◆ **The problem**
Quote the listing below in its entirety, omitting every image.
*** Collected material Section Begins ***
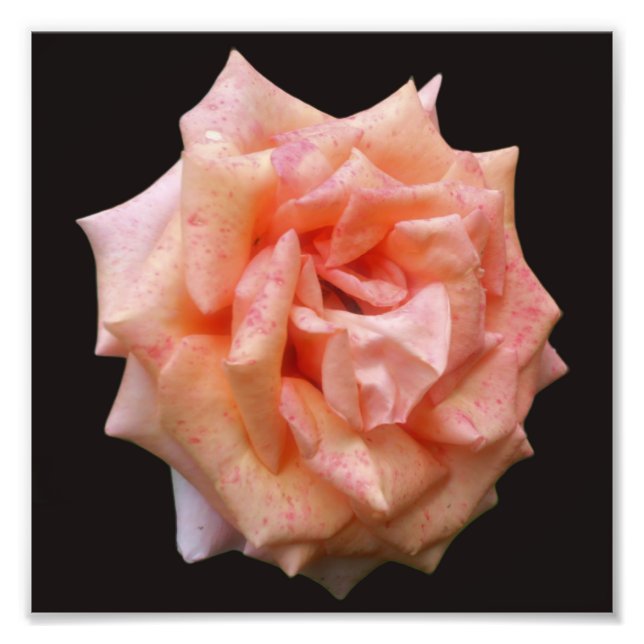 Fleckige Rose in Blüte 8x8 Fotodruck (Vorne)
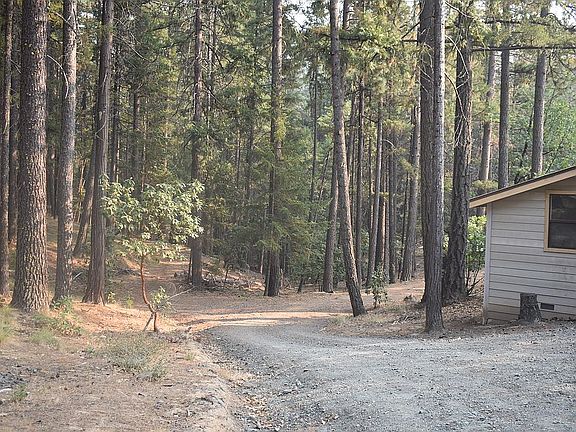 Driveway to back yard/garden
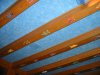 disney vacation 007.jpg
*** Collected material Section Ends ***
◆ **Your response**
 Fleckige Rose in Blüte 8x8 Fotodruck (Vorne)
 Driveway to back yard/garden
 disney vacation 007.jpg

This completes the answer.